The following year, 11,000 miles away, the Indonesian Communist Party, or PKI, the largest in the world outside of China and the Soviet Union, was targeted in an exhaustive and extremely brutal crackdown. The PKI had played an influential, if not leading, role in national politics since its creation in 1914 and had been, Bevins explains, “part of Sukarno’s new Indonesia.” The 1965–66 massacre decimated the party faithful but did not stop there. Members of the PKI and countless others were swept up in a murderous dragnet that forever reshaped Indonesian society. Although around a quarter of the country was affiliated with the PKI, after the killings began, very few would admit to any association with the party. This disavowal was precisely the intent of the violence. In a brutally swift transition, the country that had led the charge for Third World development outside the strict binary of the Cold War fell under the sway of the ruthless pro-U.S. General Suharto.

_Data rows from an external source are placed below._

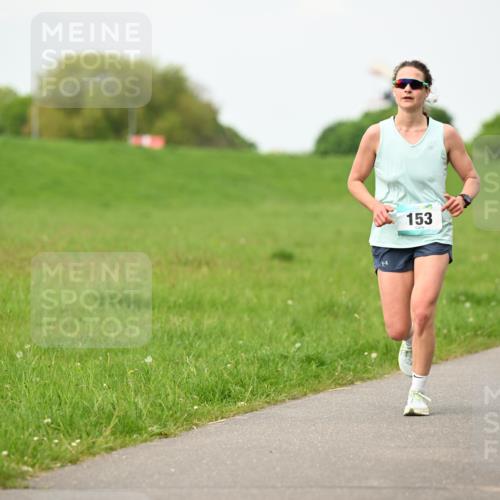 10.05.2026 - 8. Wedeler Halbmarathon Dr. Thomas Lammeyer http://msf.ph/oto/9698094 10.05.2026 11:31:42 Laufen 153, 128 meine-sportfotos.de
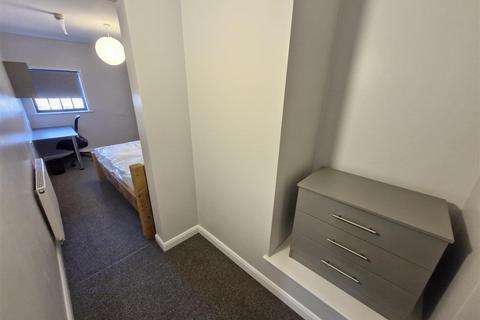 undefined, 5 Bed Student Flat on Robin Hood Street, Nottingham, NG3 1GF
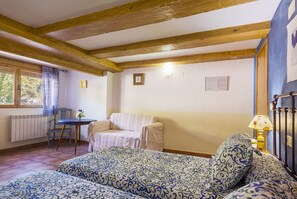 4 bedrooms, iron/ironing board, travel crib, free WiFi - Alojamiento rural El Azamur (VTAR) for 8 people (Beas de Segura)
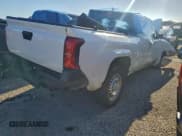 ✅ 2024 Toyota Tacoma SR • VIN: 3TYJDAHN1RT004653 • Лот: 70253555. Опубликован ранее на Copart с пробегом Не указан. Бесплатный доступ к архиву аукционных продаж из США и подробный отчёт об истории автомобиля на DreamBid. Изображение 3.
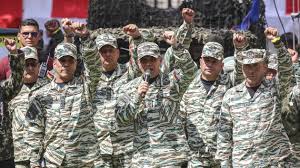 Venezuela : les militaires avertissent qu’ils empêcheront l’installation d’un gouvernement « soumis » aux États-Unis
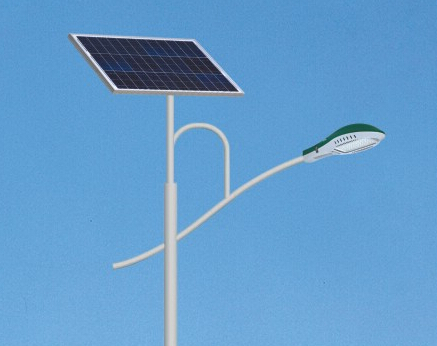 鋰電池太陽(yáng)能路燈有哪些優(yōu)勢吸引大眾的眼球？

The brutal regimes in Brazil and Indonesia would inspire similar movements in nearby countries—such as Chile in 1973 and East Timor in 1975—resulting in a transnational web of surveillance, torture, disappearances, and murder. In brisk but assured prose, Bevins recounts how Brazil and Indonesia became “the best allies that Washington’s foreign interventions had ever created.” The ruinous legacy of these policies, more than the specific acts of unspeakable violence that they engendered, is the book’s main subject.

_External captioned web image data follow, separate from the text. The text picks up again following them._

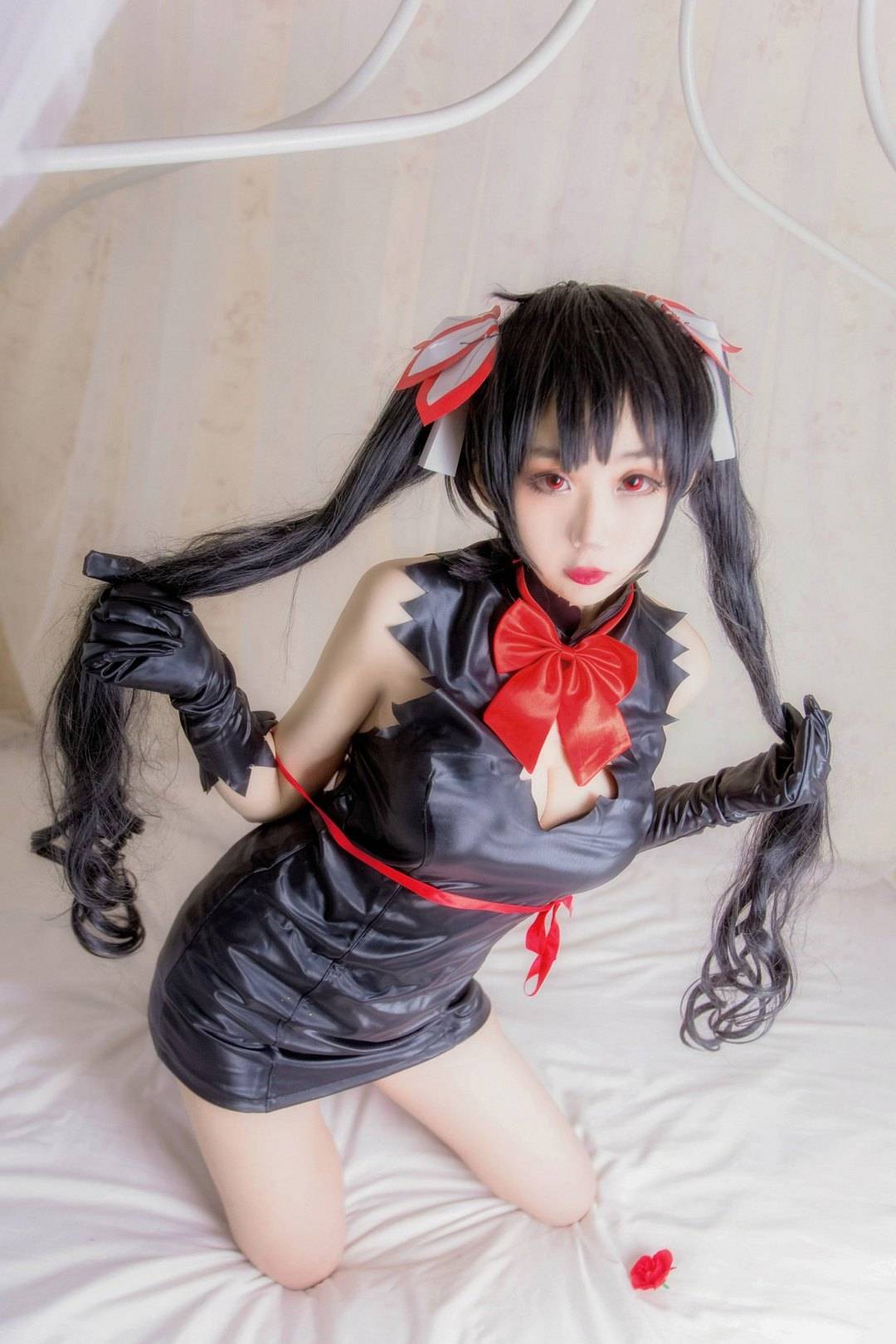 Cosplay福利/双马尾萌妹子cosplay赫斯缇雅足控福利图片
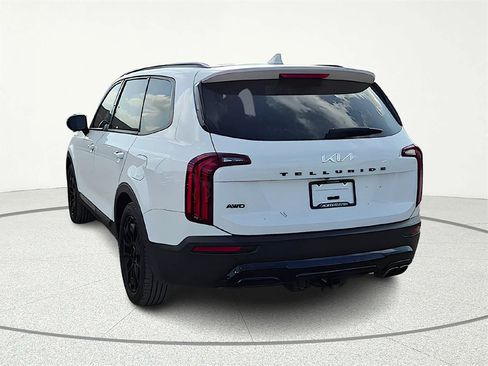 Used 2022 Kia Telluride SX w/ SX Prestige Package image 5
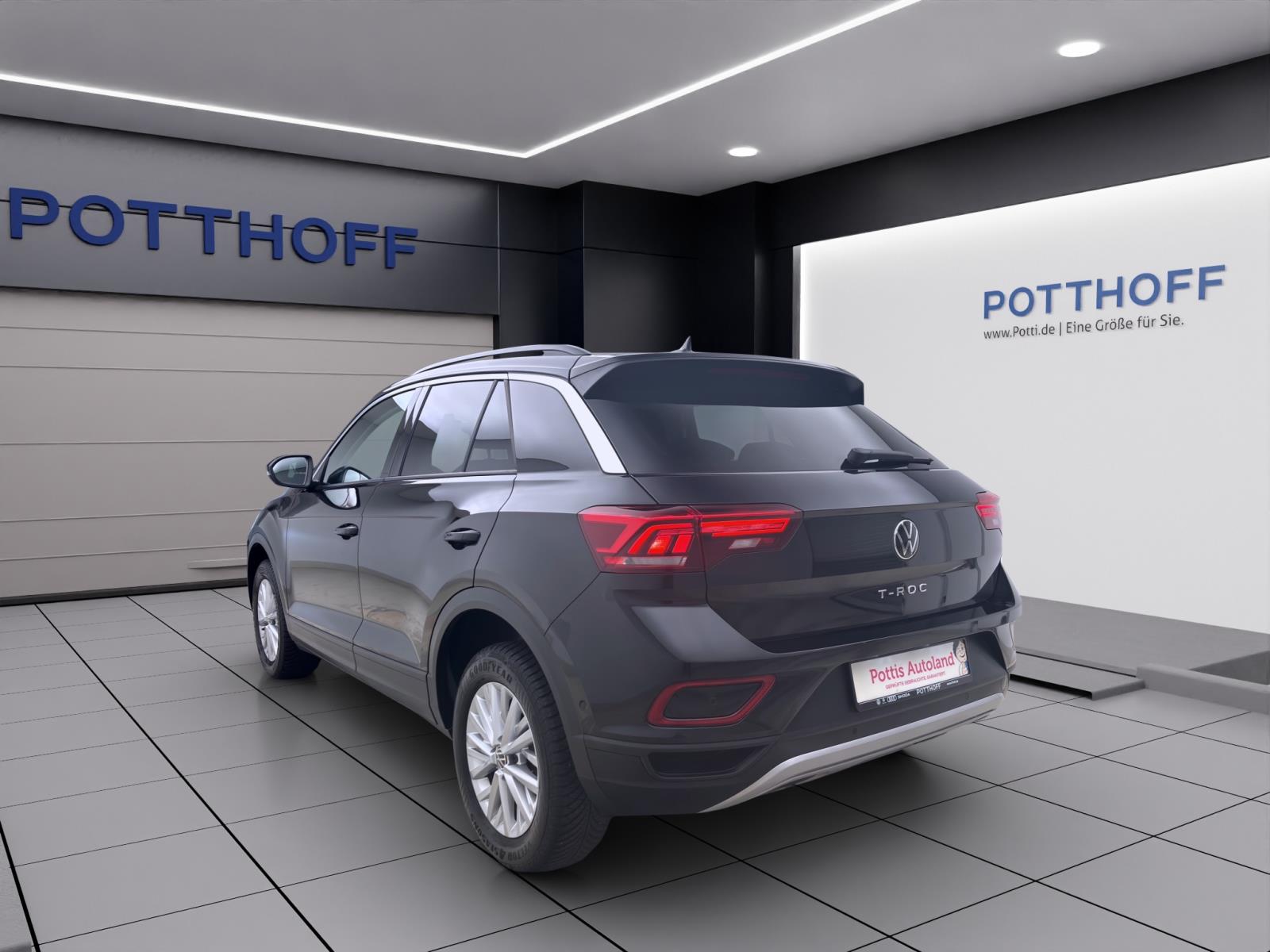 Volkswagen T-Roc 1.0 TSI LIFE NAVI PDC LED SITZHZG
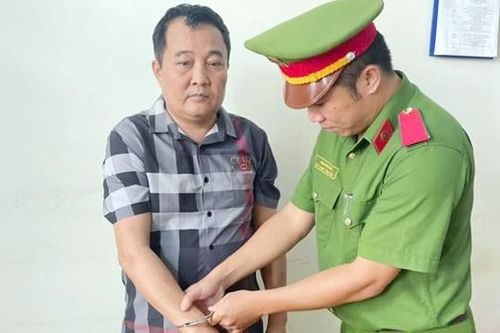 'Nổ' quen lãnh đạo cấp cao để lừa đảo chiếm đoạt 4,3 tỷ đồng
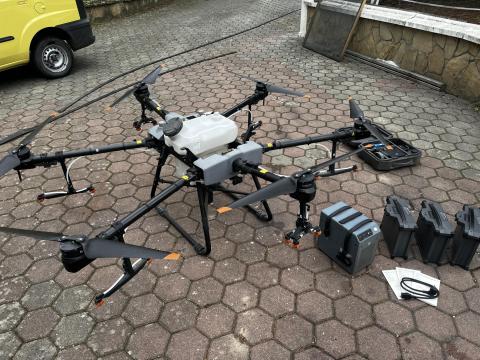 DJI Agras T30 eladó – permetező drón kiváló állapotban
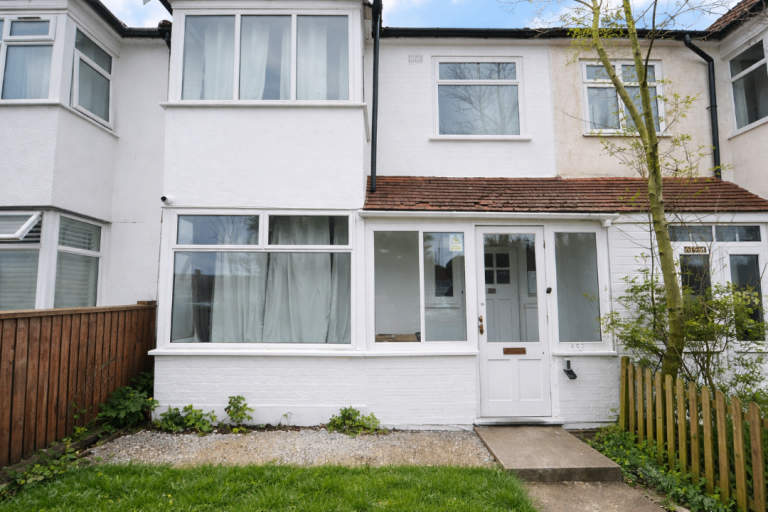 656 North Circular Road, London,  NW2 7QJ - Available Now!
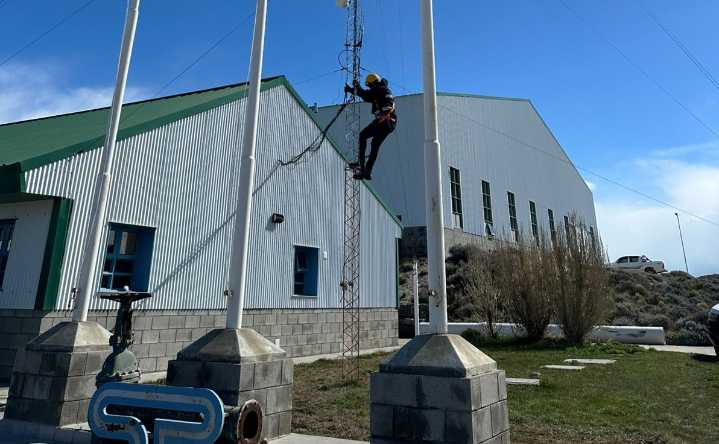 Servicios Públicos ejecuta en El Calafate modernización tecnológica: cámaras de seguridad y control de asistencia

As Washington saw it, military interventions in the Third World were a blessing to forestall a curse. But Communist parties in places like Brazil and Indonesia for the most part opposed armed insurrection in the early 1960s. Even the Cuban Communist Party had disavowed Fidel’s early attempts to seize power through force. Nonetheless, anti-Communists saw leftist subversion everywhere, a creeping peril that would gradually infiltrate the nation that let down its guard. In important ways, anti-communism was simply a new framing for the insecurities that elites far from the centers of geopolitical power had long felt. Their ability to dictate the lives of impoverished majorities rested on tradition and the intimation of violence but was inherently precarious. Popular restlessness made these elites anxious. The urgency of Cold War anti-communism gave them a justification to put it down with overwhelming force.

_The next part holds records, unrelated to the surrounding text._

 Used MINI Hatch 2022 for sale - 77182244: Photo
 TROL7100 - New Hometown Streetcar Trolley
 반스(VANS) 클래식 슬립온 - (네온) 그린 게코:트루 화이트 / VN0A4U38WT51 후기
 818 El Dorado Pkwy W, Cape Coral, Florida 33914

Bevins is not the first to note that the Cold War frequently burned hot in the Third World, but he excels at showing the human costs of that epic ideological struggle. He tells of two young Chilean sailors who, in the late 1960s, heard commanding officers fantasizing about carrying out anti-Communist violence at a national level by invoking the Indonesian case: “‘If we just put the Jakarta plan into place, kill ten or twenty thousand, then that’s it,’ one officer said. ‘Then that’s all the resistance and we win.’” The young sailors tried to warn civilian leaders but were intercepted, imprisoned by the Navy, and tortured repeatedly. By the early 1970s, the name of the Indonesian capital was being used as a chilling shorthand for political violence, painted on walls and typed in anonymous postcards to left-wing government officials and members of the Communist Party—“Jakarta is coming,” they proclaimed.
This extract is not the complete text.